The Reserve Bank of Australia (RBA) has partnered with the Digital Finance Cooperative Research Centre (DFCRC) in a pilot project to identify use cases and business models that could be supported by the issuance of a CBDC, according to a White Paper “Australian CBDC Pilot for Digital Finance Innovation”, dated September 26, 2022. The pilot project is expected to publish a report of its findings around mid 2023.
Worth noting for participation in the RBA-DFCRC pilot project is that all use case providers must comply with all relevant laws and be in possession of the relevant licences and permits. According to the white paper, use case providers may be existing financial institutions, public sector agencies, established businesses, fintechs, start-ups and technology providers.

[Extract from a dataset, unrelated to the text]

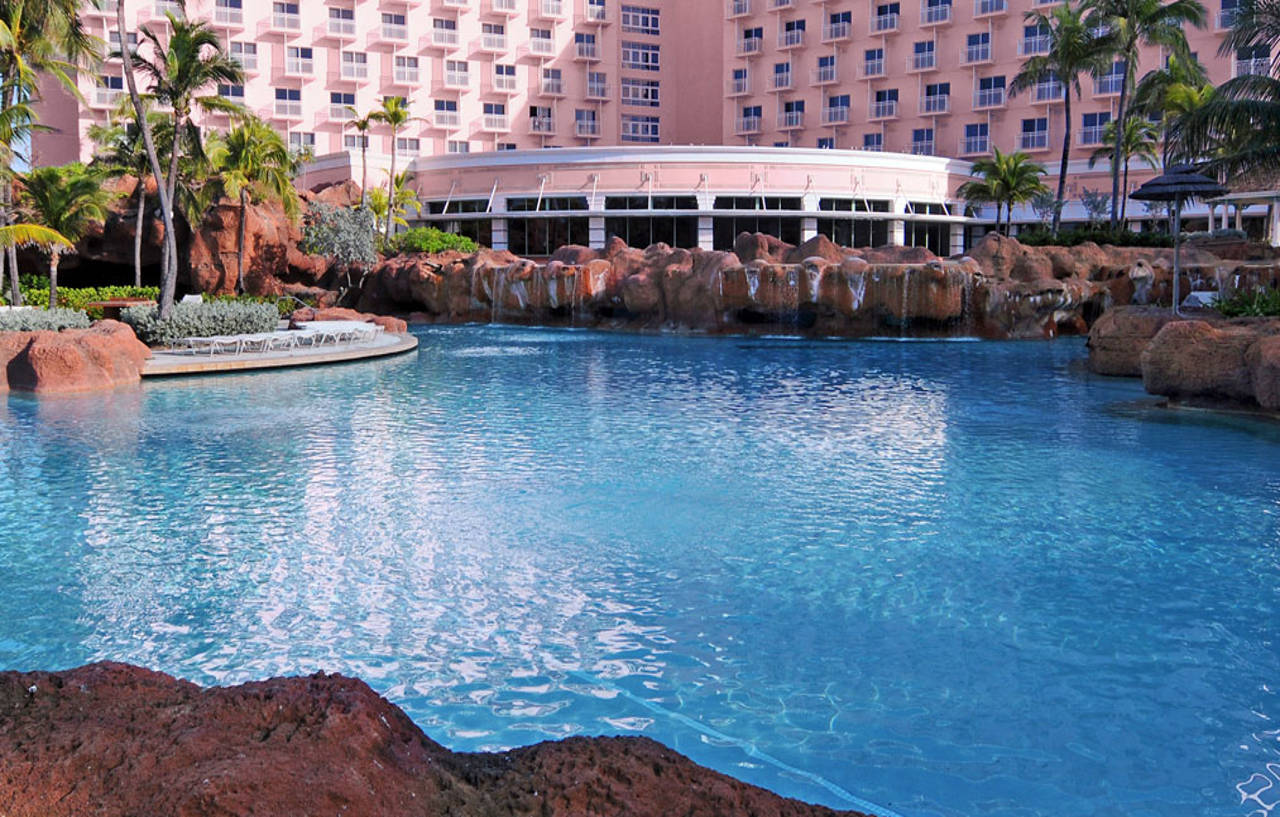 The Beach At Atlantis Nassau Exterior foto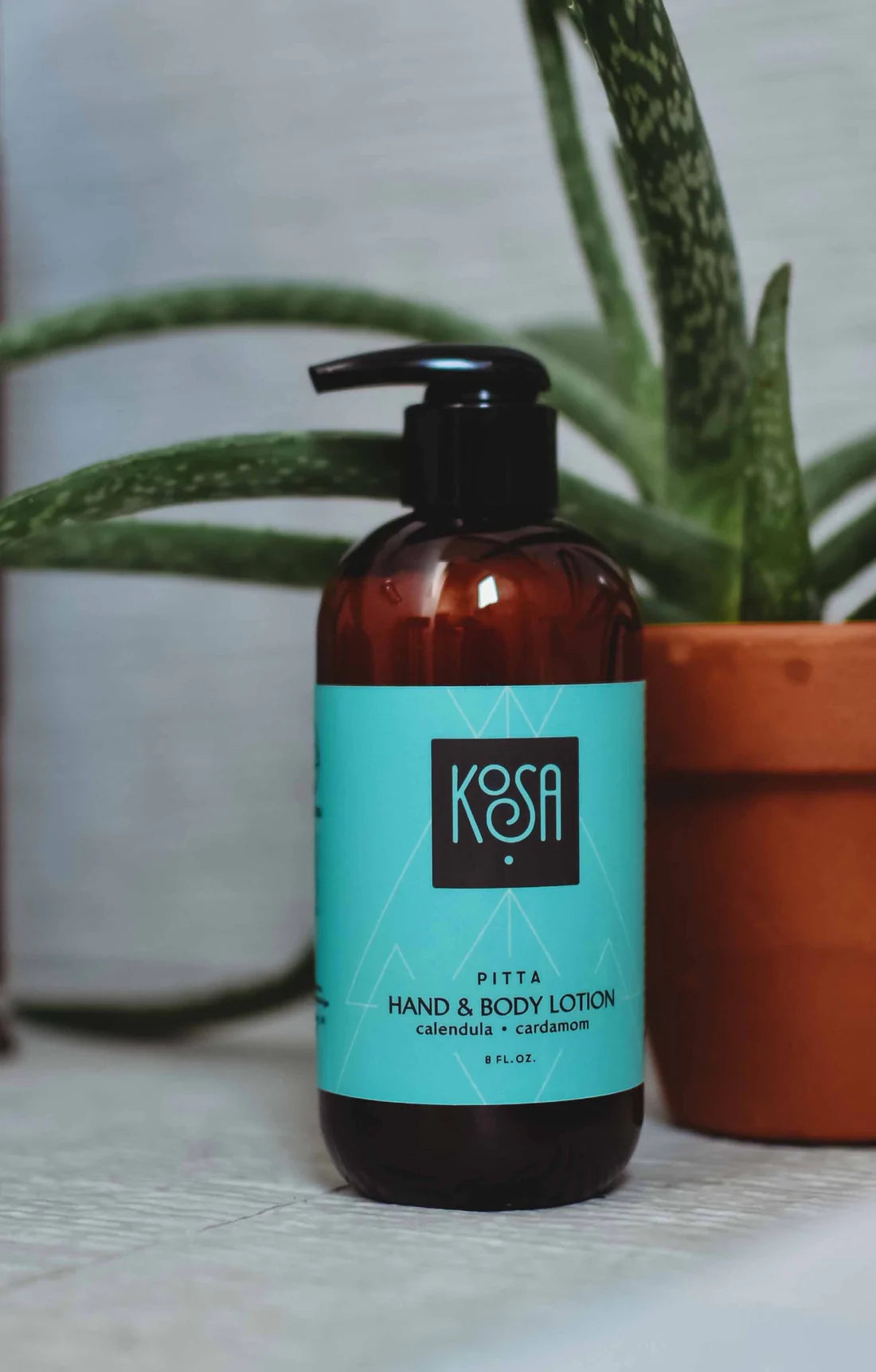 Soothing Sandalwood Lime Hand & Body Lotion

The RBA has collaborated on other projects to explore the use of CBDCs. In March 2022, under “Project Dunbar”, a collaboration between the RBA, the Bank for International Settlements (BIS) Innovation Hub Singapore Centre and three other central banks, explored how a common platform for multiple central bank digital currencies could enable cheaper, faster and safer cross-border payments. This project is expected to last for about a year.
In 2020-2021, the RBA, under “Project Atom”, collaborated with the Commonwealth Bank of Australia (CBA), National Australia Bank (NAB), Perpetual and ConsenSys, and King & Wood Mallesons (KWM) to develop a proof-of-concept (POC) for the issuance of a wholesale CBDC for the funding, settlement and repayment of a tokenized syndicated loan on an Ethereum-based platform.
During the Australian Payments Network Summit in December 2021, Philip Lowe, Governor of the Reserve Bank of Australia, highlighted possible use cases for digital tokens or account-based forms of digital money for both retail and wholesale payments:
Lowe said: “One possibility is that the tokens are issued by, and backed by, the RBA, just as we issue and back Australian dollar banknotes. This would be a form of retail central bank digital currency (CBDC) – or an eAUD.”
Lowe further said that another possibility would be a stable coin, issued and backed by an entity other than the central bank, though still denominated in Australian dollars.
On wholesale use cases, Lowe said: “The RBA has been examining the case for some form of wholesale CBDC, which can be thought of as a new tokenised form of exchange settlement account balances. This could be used to settle transactions of tokenised assets on different blockchains”.
The RBA is engaging in a stakeholder-wide collaborative process in establishing the desirability and feasibility of a CBDC in Australia.